History is almost never rewritten by accident. For David Whitaker, president and CEO of the Greater Miami Convention & Visitors Bureau, bringing the American Black Film Festival back to Miami was never about nostalgia. It was a calculated move to redefine how the city is seen—and who gets to shape that perception.
“Back in 2007, the first year we recruited ABFF to call Miami home, we were struggling with the one-dimensional image of Miami,” Whitaker said. “The alignment with ABFF helped position Miami as an intersection of art, culture, heritage, entertainment, and lifestyle.”

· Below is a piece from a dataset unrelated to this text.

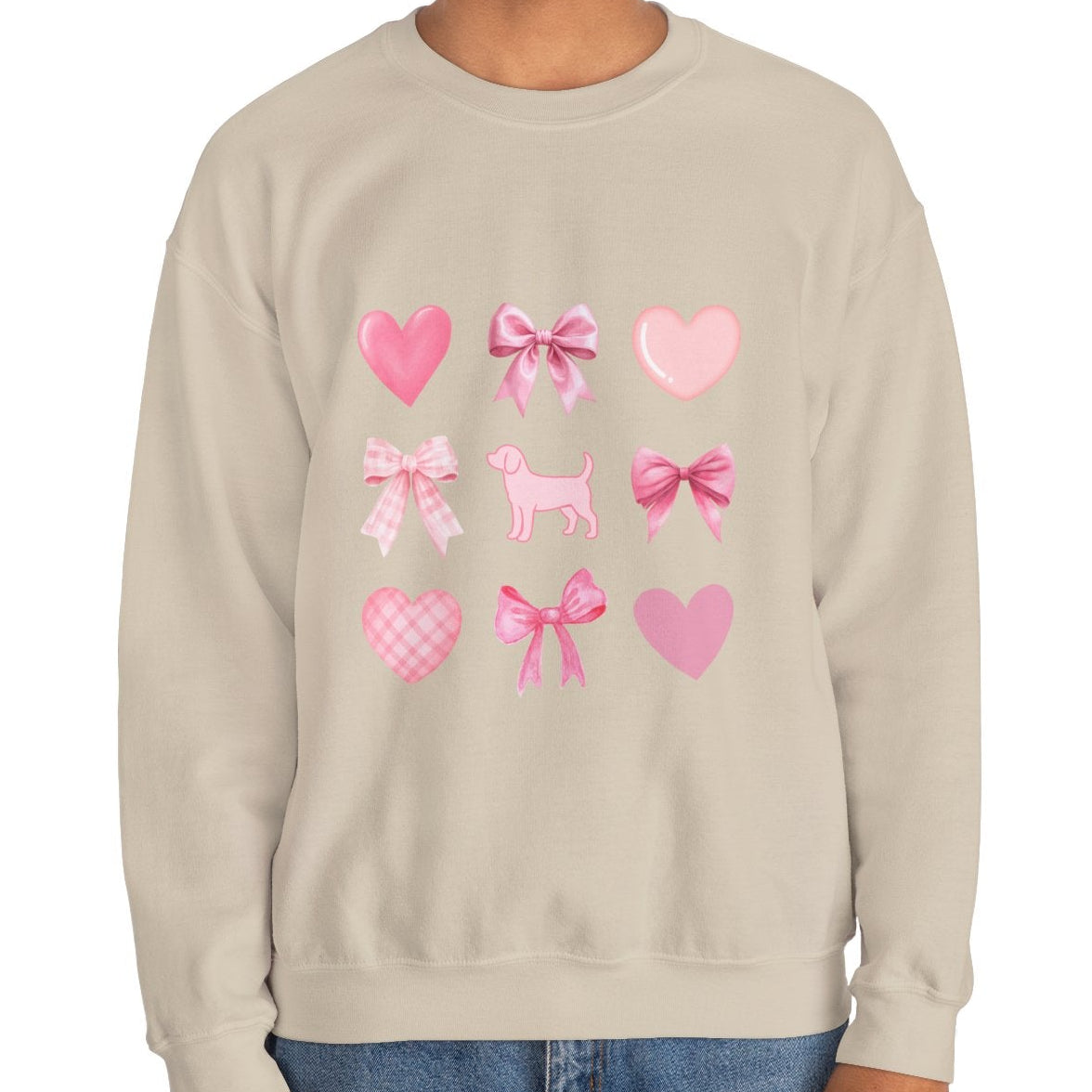 Front view of sand color unisex sweatshirt with heart, bow, beagle design on male model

ABFF did not arrive quietly. It entered as a signal, challenging the city’s surface-level branding and replacing it with something more layered and deliberate.
“The asset is the alignment of desired brands and value propositions: celebrities, film, fashion, entertainment, and sophistication,” Whitaker explained. “In the case of ABFF, the catalyst is the amplification and buzz generated by the nature of the event.”

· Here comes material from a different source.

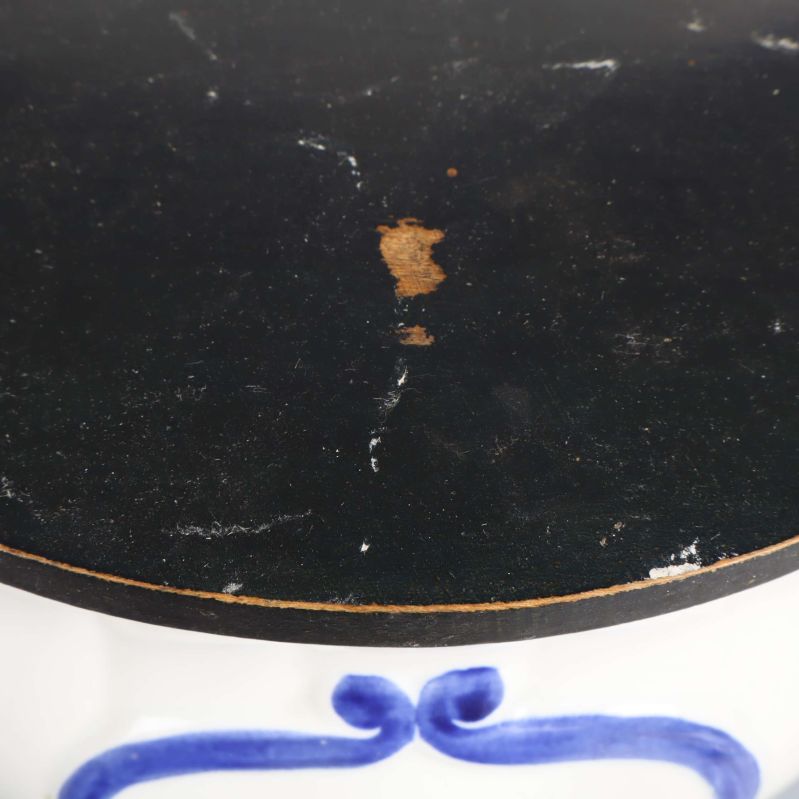 Närbild på svart trälock med slitage och märken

Miami has long traded on image. That image is evolving. Partnerships like ABFF function less as programming and more as infrastructure—mechanisms that reshape how the city is experienced and understood.

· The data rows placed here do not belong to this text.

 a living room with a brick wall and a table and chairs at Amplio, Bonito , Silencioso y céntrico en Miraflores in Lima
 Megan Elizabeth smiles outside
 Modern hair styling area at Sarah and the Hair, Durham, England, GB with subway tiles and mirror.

“If you really want to be known for diversity and inclusion, you can’t just say it—you must be it,” he said. “If you want to claim global status, you have to consistently invite and sustain global audiences.”
Over time, ABFF has expanded beyond a single event and embedded itself in Miami’s cultural framework. Its Community Day screenings in Historic Overtown connect audiences to a neighborhood that anchors the city’s Black cultural legacy.
“Cultural events that are present in our neighborhoods strengthen the connection to the destination,” Whitaker said. “A true partnership creates space for others to invest with confidence. What emerges is the compounded effect of shared goals, shared needs, and shared responsibility.”
Authenticity, in Whitaker’s view, isn’t a branding tagline. It’s operational.
“It’s one of the fundamental costs of entry to be a successful tourism or event destination,” he said. “Festivals like ABFF create opportunities. They provide a platform for emerging entrepreneurs and artists who might otherwise remain unseen.”
As the festival expands through digital platforms and community engagement, audience expectations are shifting alongside it.
“Year-round programming in today’s environment is best supported by what I call ‘snackable content’—accessible, pop-up experiences that meet people where they are,” he said.
Beneath the visibility sits a harder truth.
“Art and heritage can’t survive if the artist can’t survive,” Whitaker said. “It’s incumbent on us to support art in ways that ensure it is commercially viable. ABFF has been a clear example of that balance.”
What Whitaker and ABFF have built expands Miami’s narrative rather than replacing it. It widens the frame, trading a narrow image for something the city has always contained but rarely centered. Culture isn’t decoration; it’s the foundation. And a city’s story holds only as much weight as the voices it chooses to elevate.